2.2.3 Except as otherwise provided by law, all vacancies occurring in the Board and any newly created directorships resulting from any increase in the authorized number of directors shall be filled in the manner set forth in the Certificate of Incorporation. Any director elected to fill a vacancy or newly created directorship shall hold office until the next election of the class for which such director shall have been chosen and until his or her successor shall be elected and qualified, or until his or her earlier death, resignation, retirement, disqualification or removal.

 

2.3 Regular Meetings.

 

Regular meetings of the Board may be held at such places, within or without the State of Delaware, and at such times as the Board may from time to time determine. Notice of regular meetings need not be given if the date, times and places thereof are fixed by resolution of the Board but a copy of every resolution fixing or changing the time or place of regular meetings shall be mailed to every director at least five (5) days before the first meeting held in pursuance thereof.

 

2.4 Special Meetings.

 

Special meetings of the Board may be called by the Chairperson of the Board, the Chief Executive Officer, or President, the Lead Independent Director or by resolution adopted by a majority of the Whole Board and may be held at any time, date or place, within or without the State of Delaware, as the person or persons calling the meeting shall fix.
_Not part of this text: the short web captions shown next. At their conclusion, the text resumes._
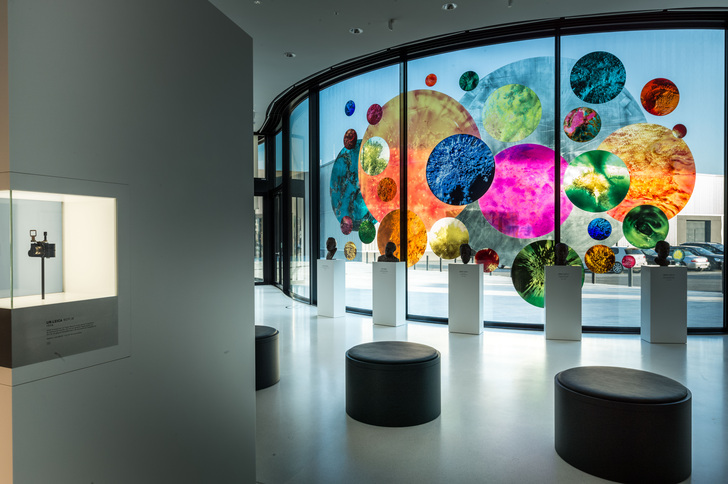 Blickfang in der neuen Leica-Zentrale — digital bedruckte Applikationen aus farbigen Gläsern.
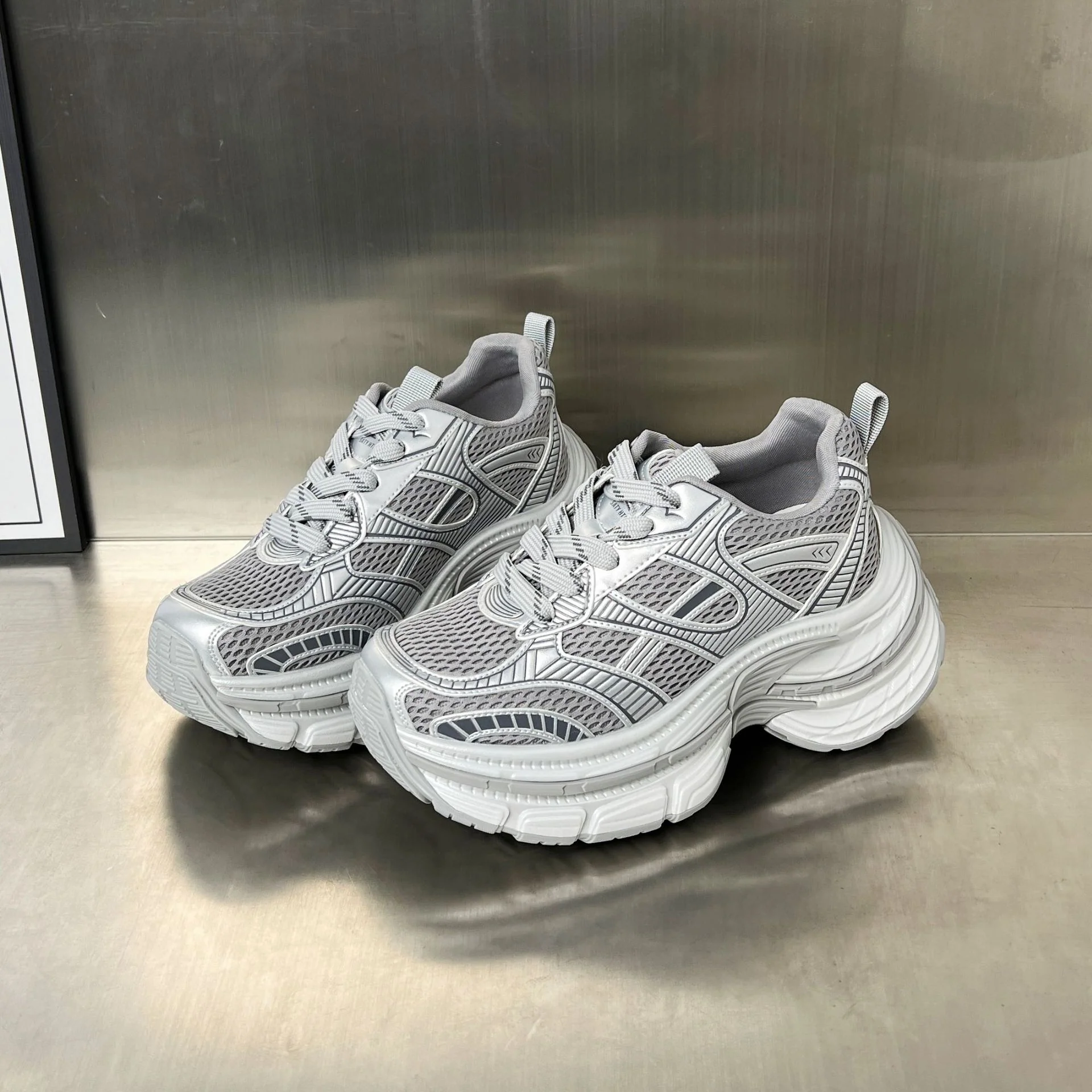 Damen Lauf-Sneaker mit atmungsaktiver Mesh-Oberfläche und stoßdämpfender Sohle Heidi Mode - Image 6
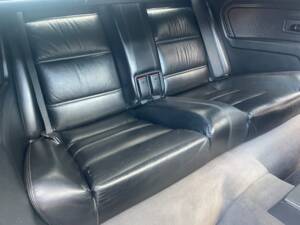 Bild 9/20 von BMW 325i (1989)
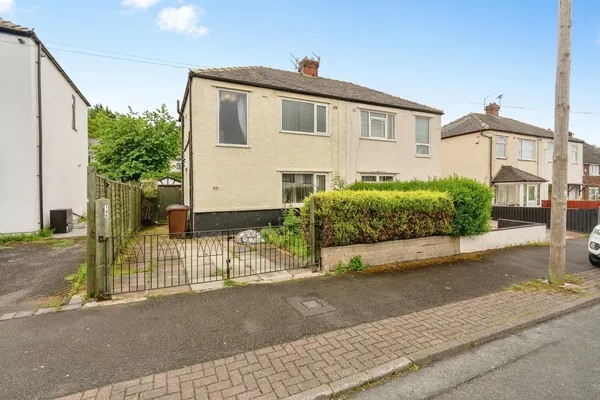 Leamington Avenue, Burnley, Lancashir...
Notice of the time, date and place of such meeting shall be given in writing or by electronic transmission (including electronic mail), by the person or persons calling the meeting to all directors at least four (4) days before the meeting if the notice is mailed, or at least twenty-four (24) hours before the meeting if such notice is given by telephone, hand delivery, telegram, telex, mailgram, facsimile, electronic mail or other means of electronic transmission. Unless otherwise indicated in the notice, any and all business may be transacted at a special meeting.

 

2.5 Remote Meetings Permitted.

 

Members of the Board, or any committee of the Board, may participate in a meeting of the Board or such committee by means of conference telephone or other remote communications by means of which all persons participating in the meeting can hear each other, and participation in a meeting pursuant to conference telephone or other remote communications shall constitute presence in person at such meeting.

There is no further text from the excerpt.